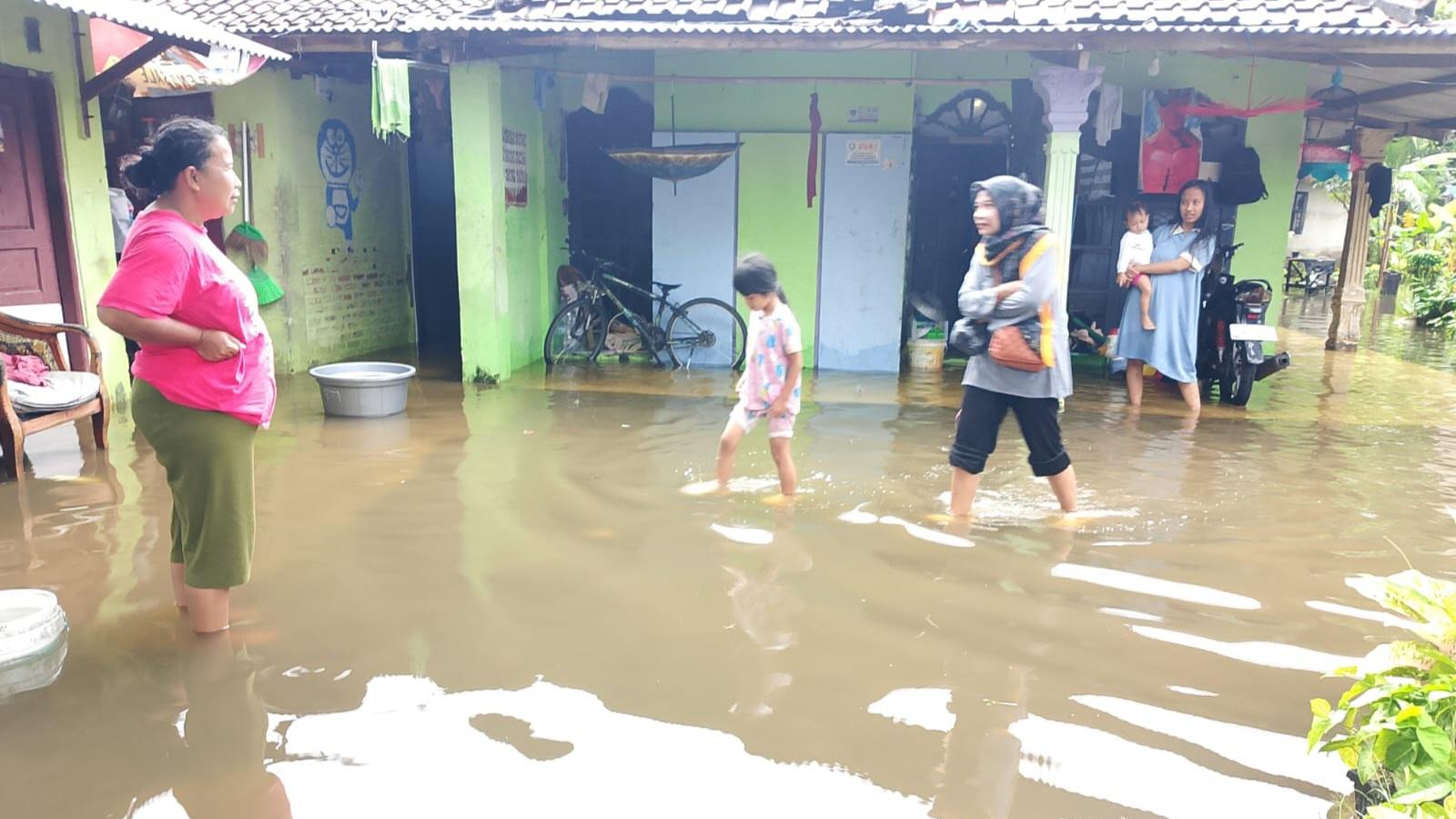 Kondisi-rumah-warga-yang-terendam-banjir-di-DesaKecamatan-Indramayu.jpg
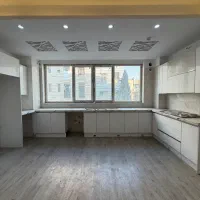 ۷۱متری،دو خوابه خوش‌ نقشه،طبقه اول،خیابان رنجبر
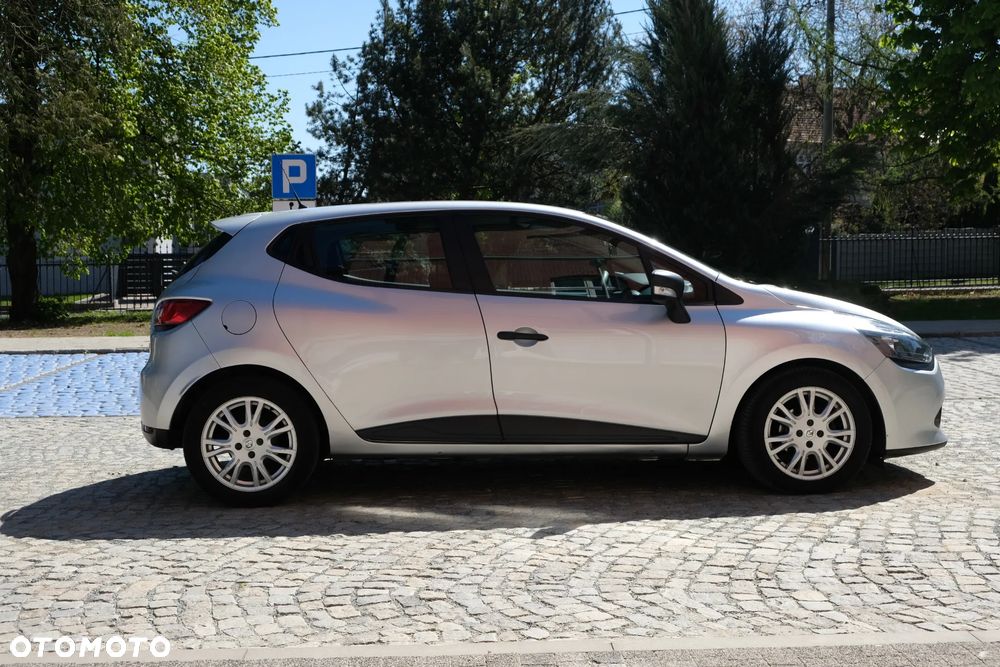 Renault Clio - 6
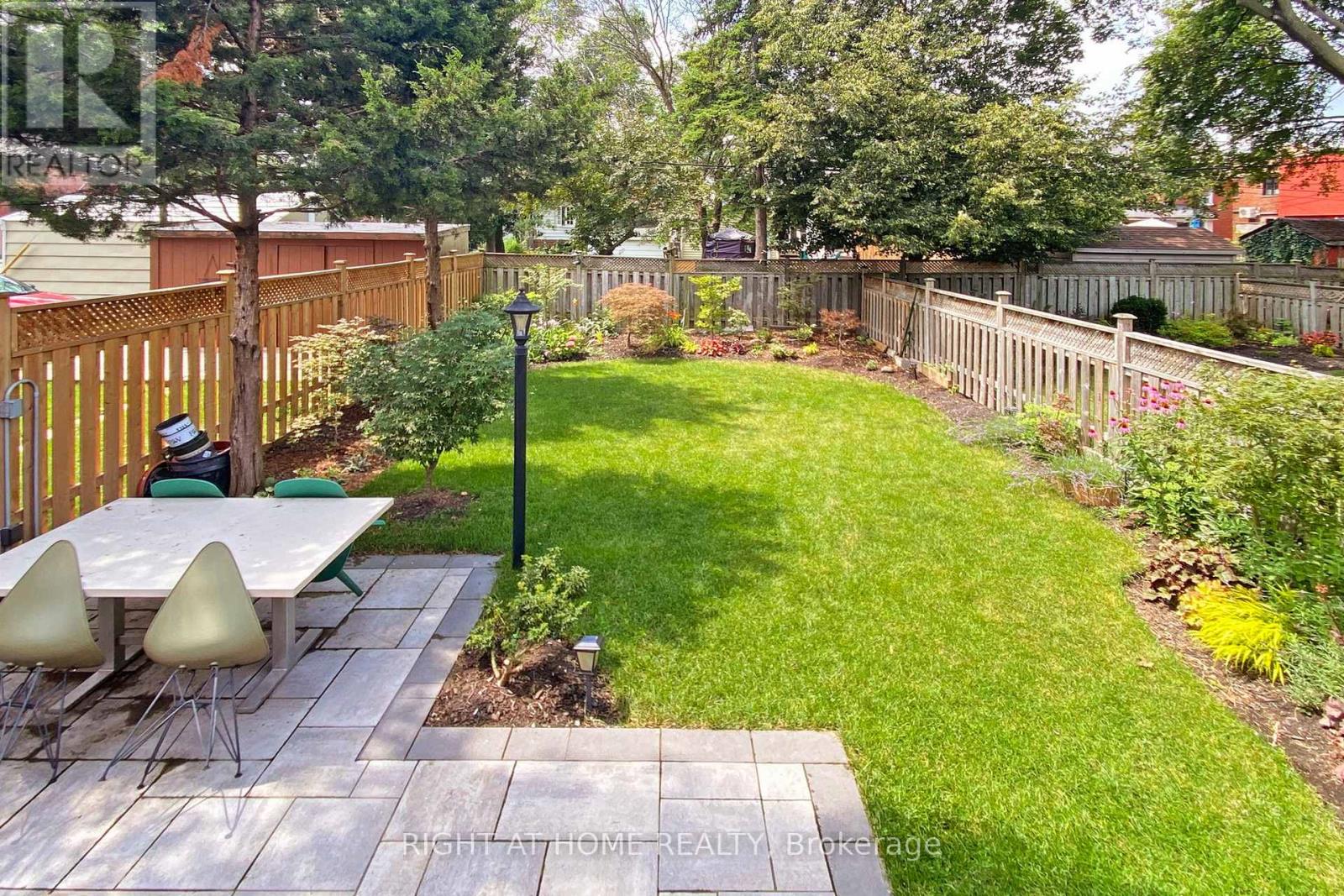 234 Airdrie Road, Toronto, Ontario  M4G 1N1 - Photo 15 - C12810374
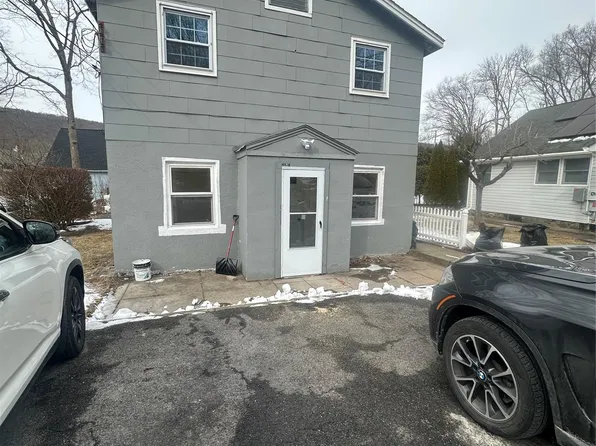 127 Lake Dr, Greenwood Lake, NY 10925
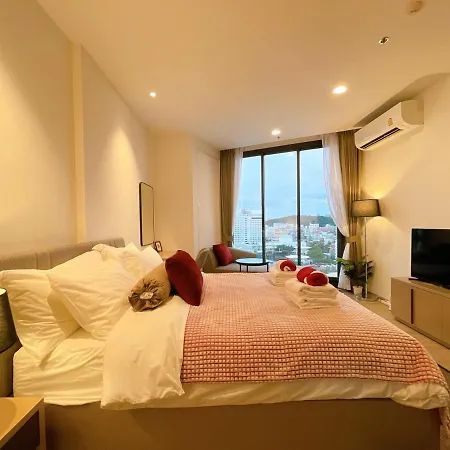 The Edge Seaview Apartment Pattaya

━━━━━━━━━━━━━━━━━━━━━━━━━━━━━━

• What is expected
Could you set down, exactly as written, every line from the one with "Renault Clio - 6" to the end of the data, both ends included? Leave out the pictures.

• Answer for this exercise
 Renault Clio - 6
 234 Airdrie Road, Toronto, Ontario  M4G 1N1 - Photo 15 - C12810374
 127 Lake Dr, Greenwood Lake, NY 10925
 The Edge Seaview Apartment Pattaya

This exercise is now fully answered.